**Prompt**
Reproduce only what runs from the line containing "Tom Tailor Ripp" to the line containing "White Wiggle Cast" in the records below, inclusive. Keep it exact, and keep the pictures out.

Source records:
☆ ☆ ☆ ☆

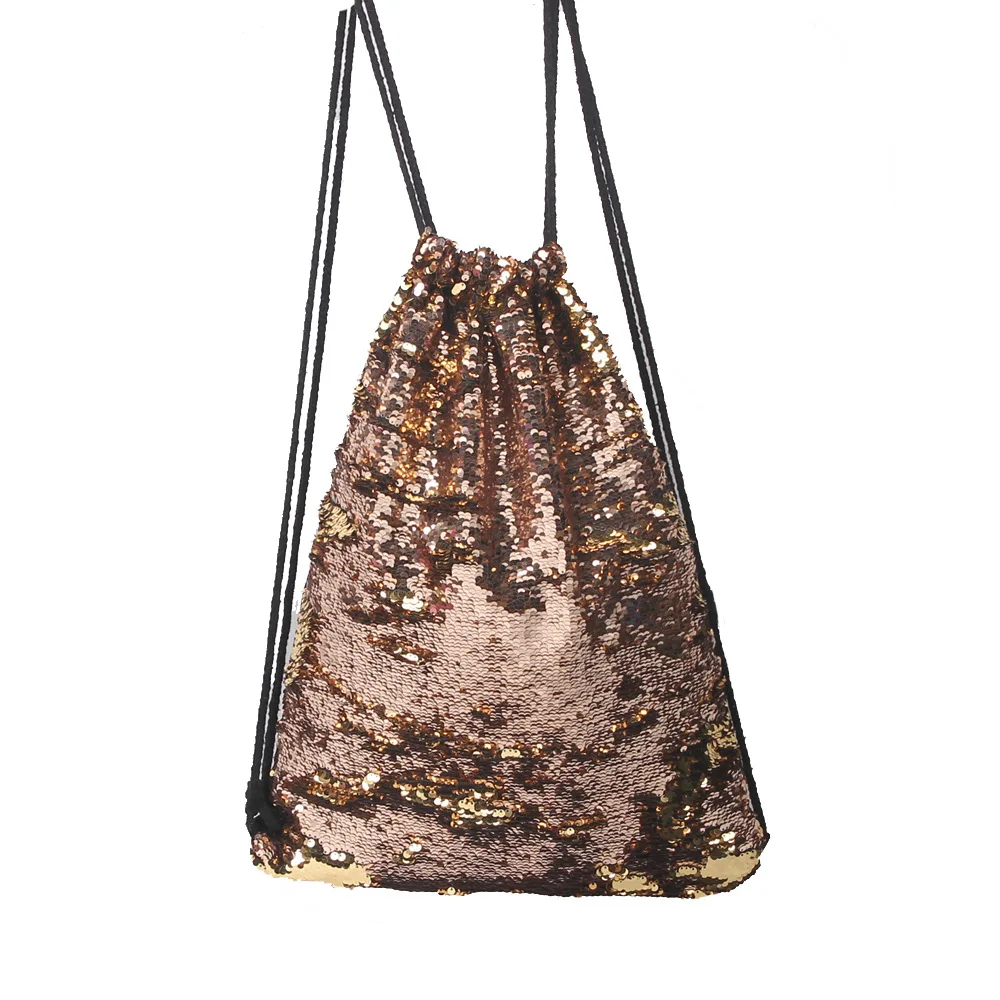 Hot sell Mermaid Sequin Backpack Sequins Drawstring Bags Reversible Paillette Outdoor Glitter Sundries Storage Travel Bag | Дом и сад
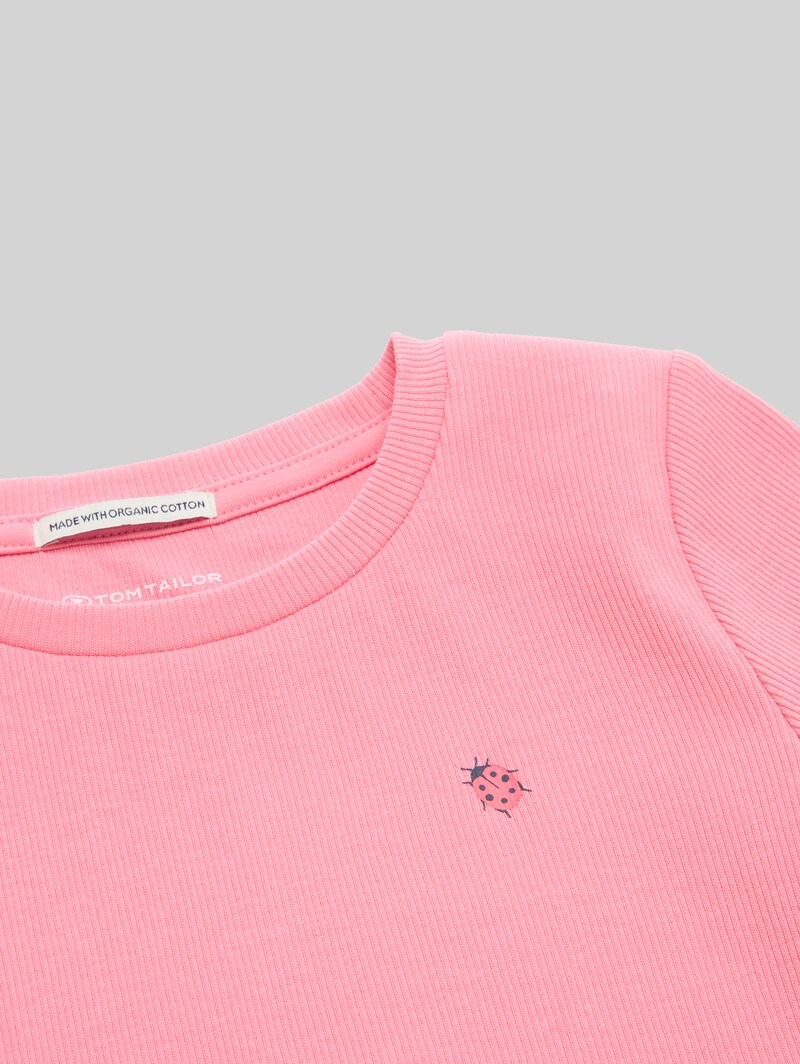 Tom Tailor Ripp T-Shirt mit Print - Sunrise Pink
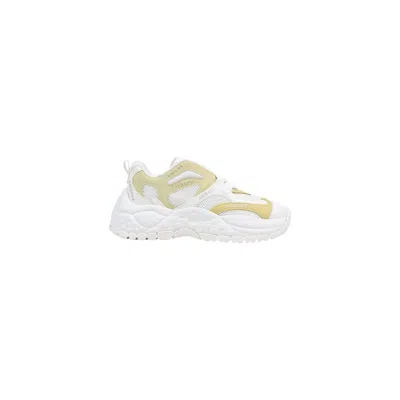 Armani Exchange White Polyester Chunky Sneakers In Multi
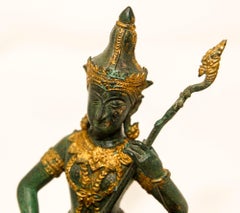 Vintage Gilt Bronze Asian Sculpture of a Thai Deity Prince Playing Music 1950s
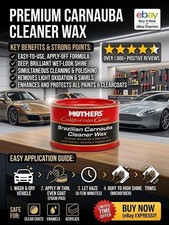 Mothers California Gold Brazilian Carnauba Cleaner Wax 12oz Deep Shine Paste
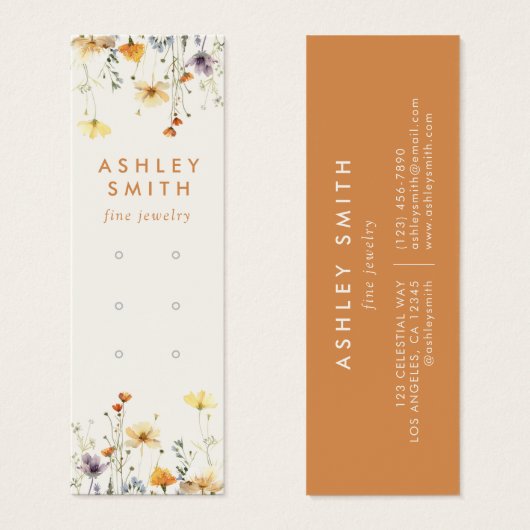 Rustieke Wildflower Multiple Earring Display Kaart (Voorkant /achterkant)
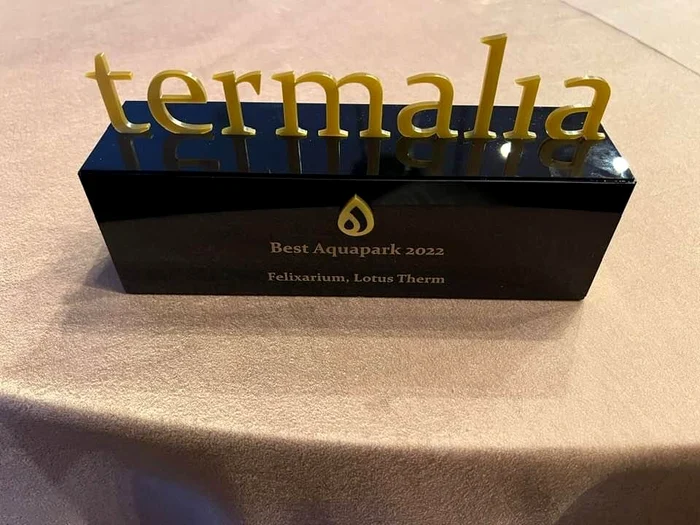 Premiul pentru cel mai bun aquapark a fost câștigat de Lotus Therm Foto: Facebook.com/lotustherm.ro/
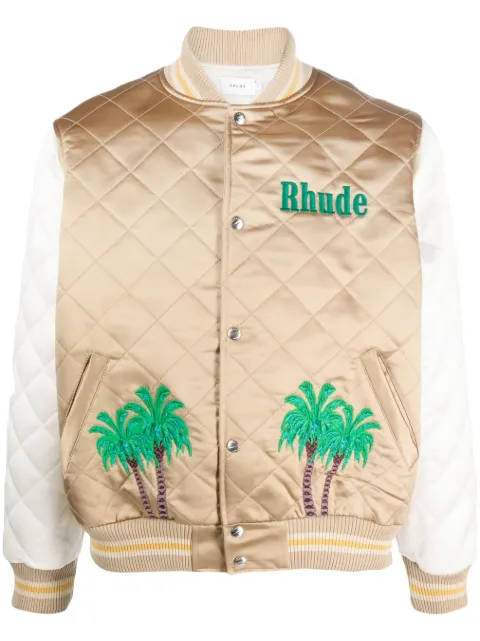 RHUDE satin bomber jacket Brown RHSS23JA30011595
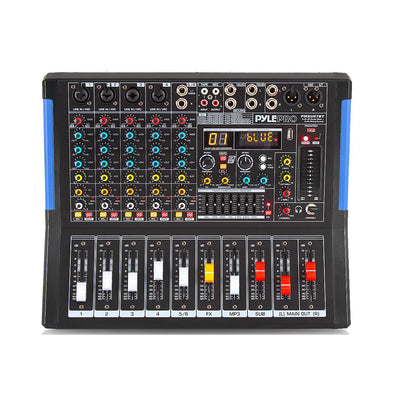 Pyle 6 Channel Bluetooth Sound Board Mixer System for DJ Studio Audio (4 Pack)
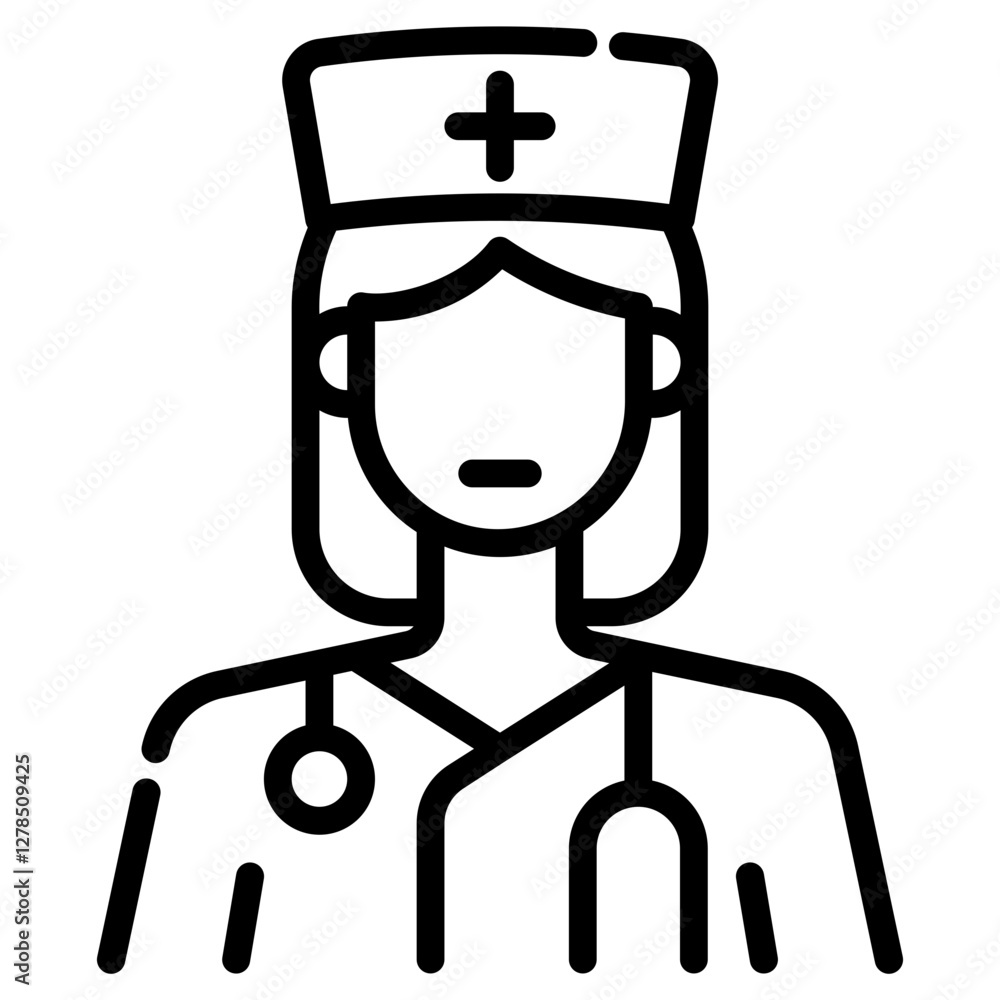 Nurse. This is a vector single icon with a dashed line style. It is suitable for any purpose, such as website design, mobile app design, logo design, etc. Nurse. This is a vector single icon with a dashed line style. It is suitable for any purpose, such as website design, mobile app design, logo design, etc.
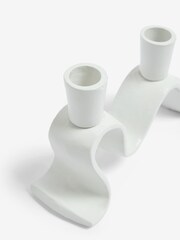 White Wiggle Cast Metal Taper Candle Holder - Image 6 of 6
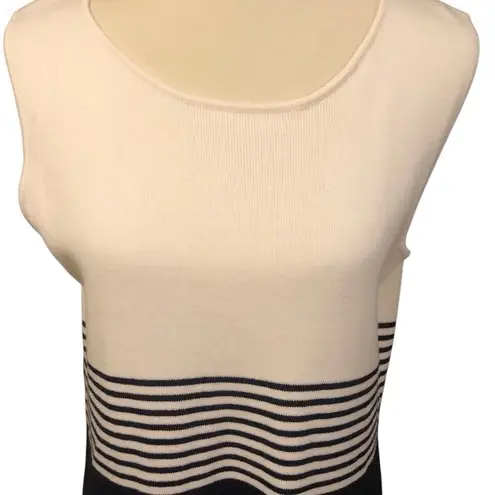 Jessica Holbrook Easy Care Navy Blue & White Striped Sleeveless Sweater Dress Si Size L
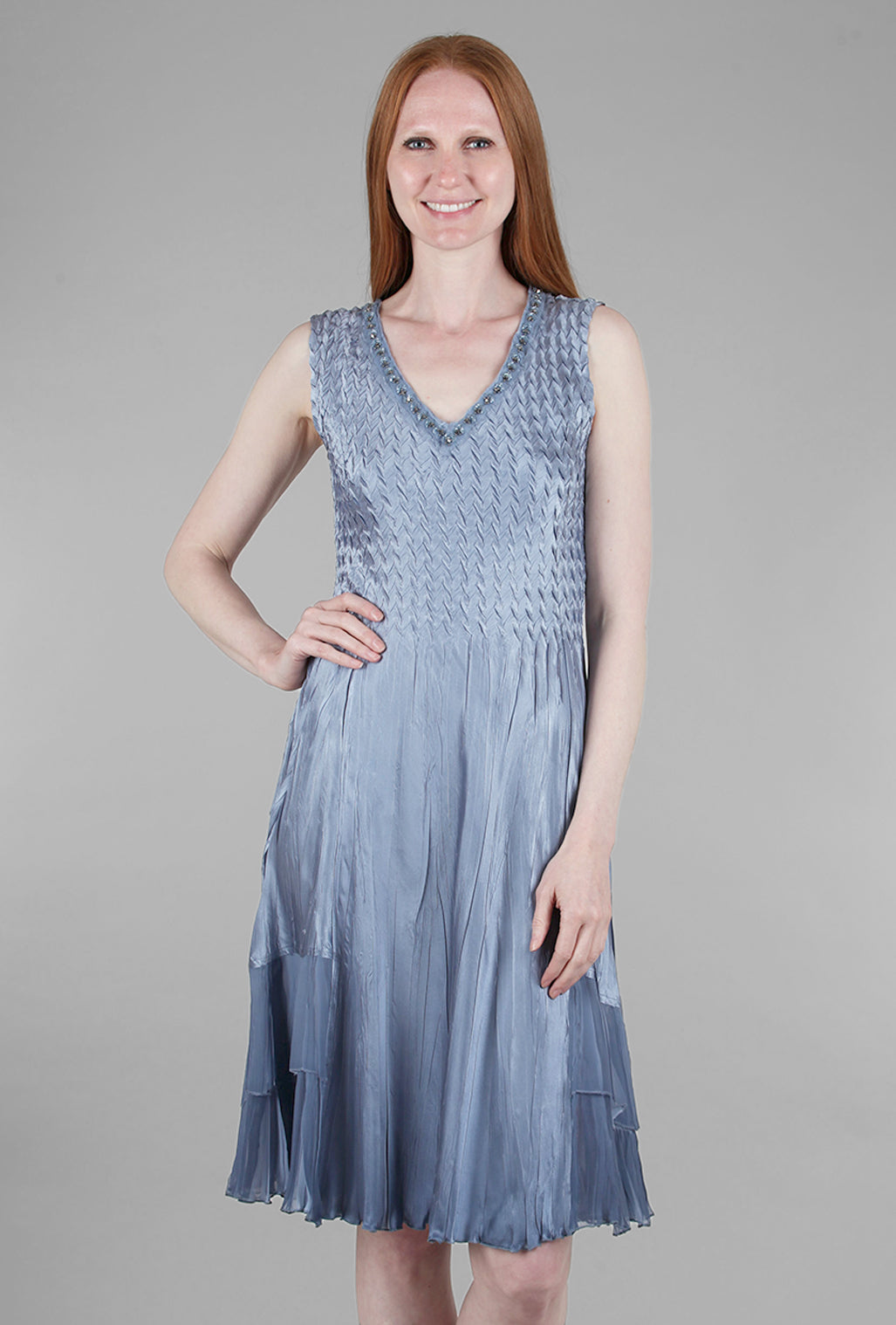 Komarov Beaded-Neck Detail Dress Set, Winter Blue Ombre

☆ ☆ ☆ ☆

**Answer for this exercise**
 Tom Tailor Ripp T-Shirt mit Print - Sunrise Pink
 Armani Exchange White Polyester Chunky Sneakers In Multi
 Vintage Gilt Bronze Asian Sculpture of a Thai Deity Prince Playing Music 1950s
 Mothers California Gold Brazilian Carnauba Cleaner Wax 12oz Deep Shine Paste
 Rustieke Wildflower Multiple Earring Display Kaart (Voorkant /achterkant)
 Premiul pentru cel mai bun aquapark a fost câștigat de Lotus Therm Foto: Facebook.com/lotustherm.ro/
 RHUDE satin bomber jacket Brown RHSS23JA30011595
 Pyle 6 Channel Bluetooth Sound Board Mixer System for DJ Studio Audio (4 Pack)
 Nurse. This is a vector single icon with a dashed line style. It is suitable for any purpose, such as website design, mobile app design, logo design, etc. Nurse. This is a vector single icon with a dashed line style. It is suitable for any purpose, such as website design, mobile app design, logo design, etc.
 White Wiggle Cast Metal Taper Candle Holder - Image 6 of 6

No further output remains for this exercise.